Broken Daughters

Picking up the shattered glass of fundamentalism

The silent treatment

18 Comments

One of the things that bugged me the most about my Dad was the silent treatment. I know this sounds weird, but as a child I prefered a spanking, because that would end and only affect me. The silent treatment was something my entire family would suffer from and you never knew when it would end.

The silent treatment would usually follow when Dad wasn’t worshipped enough as the Lord of the house. Say mom spontaneously drove to town when Dad was at work to shop for a new jacket for one of us kids without asking him at least 24 hours prior.

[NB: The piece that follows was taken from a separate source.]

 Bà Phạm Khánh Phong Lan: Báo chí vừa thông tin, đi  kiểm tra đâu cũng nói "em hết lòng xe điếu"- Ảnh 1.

That was the rule: Everything had to be mentioned to Dad AT LEAST 24 hours prior to doing it. Better would be 48 hours. If it was bigger things, you had to tell him up to 7 days prior to doing it (friends visiting, for example). The biggest problem with this was that my Dad forgot a lot of stuff or simply didn’t listen to anybody well enough to actually understand what was being talked about. You had to mention it again and again to make sure he remembered. But this could cause problems too! You had to word it correctly. You couldn’t say (on Sunday) “Dad, don’t forget I told you Wednesday I want to go shopping for a dress on Monday.” That was insulting to him because we questioned his mental abilities. Asking something like this would result in a very loud lecture about how he is NOT stupid, NOT deaf, NOT retarded and that he is VERY disappointed and ANGRY that we speak to him like this. The only way to really get out of the remind-daddy-of-something game was to put all the blame on yourself: “Daddy, did I mention I wanted to shop for a dress on Monday? I’m not sure if I did…” Then he usually remembered we actually had mentioned it before and he would rather calmly say “Yes you did. Sometimes I’m worried that you forget so much.”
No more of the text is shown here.